> _Records contained in a dataset_
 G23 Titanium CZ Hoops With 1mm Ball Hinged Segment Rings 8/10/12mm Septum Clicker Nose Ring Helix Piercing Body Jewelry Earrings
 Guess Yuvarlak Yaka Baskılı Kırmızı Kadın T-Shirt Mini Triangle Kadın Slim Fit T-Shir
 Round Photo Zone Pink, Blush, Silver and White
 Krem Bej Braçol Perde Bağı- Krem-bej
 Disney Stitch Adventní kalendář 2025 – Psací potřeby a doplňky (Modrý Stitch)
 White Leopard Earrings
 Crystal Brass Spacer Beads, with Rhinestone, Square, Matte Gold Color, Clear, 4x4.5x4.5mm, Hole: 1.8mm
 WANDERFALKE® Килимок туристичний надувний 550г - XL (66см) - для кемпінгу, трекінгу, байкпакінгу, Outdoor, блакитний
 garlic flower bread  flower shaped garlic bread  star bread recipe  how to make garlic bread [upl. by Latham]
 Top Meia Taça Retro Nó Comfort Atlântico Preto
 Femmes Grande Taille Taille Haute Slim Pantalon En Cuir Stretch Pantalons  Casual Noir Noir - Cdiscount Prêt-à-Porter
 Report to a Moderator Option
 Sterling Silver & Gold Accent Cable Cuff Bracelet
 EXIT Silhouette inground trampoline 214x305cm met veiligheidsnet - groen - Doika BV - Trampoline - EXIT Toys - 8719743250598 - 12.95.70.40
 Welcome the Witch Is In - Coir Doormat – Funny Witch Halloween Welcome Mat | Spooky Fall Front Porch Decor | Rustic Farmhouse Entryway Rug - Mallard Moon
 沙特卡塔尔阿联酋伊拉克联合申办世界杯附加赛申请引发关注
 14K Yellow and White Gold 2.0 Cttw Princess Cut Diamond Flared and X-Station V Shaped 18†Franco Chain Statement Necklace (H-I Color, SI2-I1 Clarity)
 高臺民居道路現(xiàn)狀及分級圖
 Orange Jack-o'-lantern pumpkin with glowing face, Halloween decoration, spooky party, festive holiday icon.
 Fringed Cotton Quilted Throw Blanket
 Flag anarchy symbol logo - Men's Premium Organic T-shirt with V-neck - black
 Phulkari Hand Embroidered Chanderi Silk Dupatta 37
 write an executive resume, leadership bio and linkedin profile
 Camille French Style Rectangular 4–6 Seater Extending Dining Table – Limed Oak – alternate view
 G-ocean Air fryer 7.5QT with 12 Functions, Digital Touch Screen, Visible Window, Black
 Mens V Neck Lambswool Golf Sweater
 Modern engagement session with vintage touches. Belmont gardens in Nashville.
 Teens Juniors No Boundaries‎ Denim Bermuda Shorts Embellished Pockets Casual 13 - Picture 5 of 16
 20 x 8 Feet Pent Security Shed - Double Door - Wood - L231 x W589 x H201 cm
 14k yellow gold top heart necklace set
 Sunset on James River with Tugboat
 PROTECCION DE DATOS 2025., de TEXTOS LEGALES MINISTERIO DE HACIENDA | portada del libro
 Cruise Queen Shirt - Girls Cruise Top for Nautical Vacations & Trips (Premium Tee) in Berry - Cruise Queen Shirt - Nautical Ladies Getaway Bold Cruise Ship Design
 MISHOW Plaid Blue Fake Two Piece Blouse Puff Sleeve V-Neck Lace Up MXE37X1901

> _Assigned task_
The lines in the records above that include the word "Slim" must be copied out.

> _Answer box_
 Guess Yuvarlak Yaka Baskılı Kırmızı Kadın T-Shirt Mini Triangle Kadın Slim Fit T-Shir
 Femmes Grande Taille Taille Haute Slim Pantalon En Cuir Stretch Pantalons  Casual Noir Noir - Cdiscount Prêt-à-Porter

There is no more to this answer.